Recent headlines regarding the staffing of internal corporate investigations serve to raise again the question of when it is appropriate for the board to engage outside independent counsel, as opposed to working on the matter with their general counsel or regular outside counsel. 

Law and sound governance practice have long recognized that situations may arise from time to time to prompt the prudent governing board to consider the engagement of "independent counsel"; i.e., counsel other than the company's general counsel or regular outside counsel.

An obvious example is where the board seeks expertise in a particular area of law that neither the general counsel nor regular outside counsel possess. Other examples include the presence of credible allegations of wrongdoing by senior management, and transactions that present material actual or potential conflicts of interest by management (e.g., management buyouts or tender offers involving management). 

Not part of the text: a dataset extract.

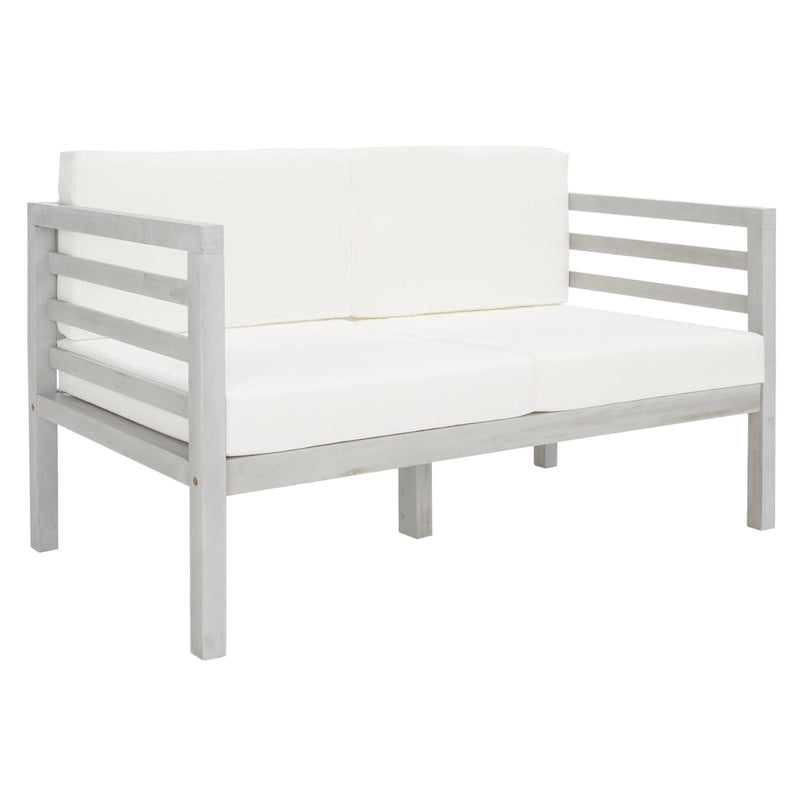 SAFAVIEH Outdoor Samira, ensemble de 4 pièces d'extérieur - 26L x 26P x 49H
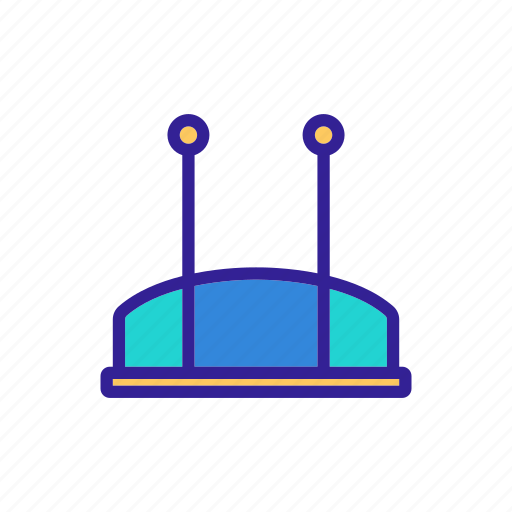 Antenna, box, hdtv, rear, set, top, view icon - Download on Iconfinder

Certainly, internal investigations involving suspected or alleged wrongdoing by employees (especially those with pre-existing relationships with the general counsel and/or primary outside counsel) are typically conducted by independent counsel to the board. In addition, board-driven self evaluations are often conducted by independent counsel, particularly when the protection of the attorney-client privilege is sought.

Current public controversies in the entertainment, broadcasting and technology sectors provide a useful opportunity for the general counsel to revisit the circumstances in which it is appropriate for the board to seek independent legal advice, rather than use its general counsel or regular outside counsel.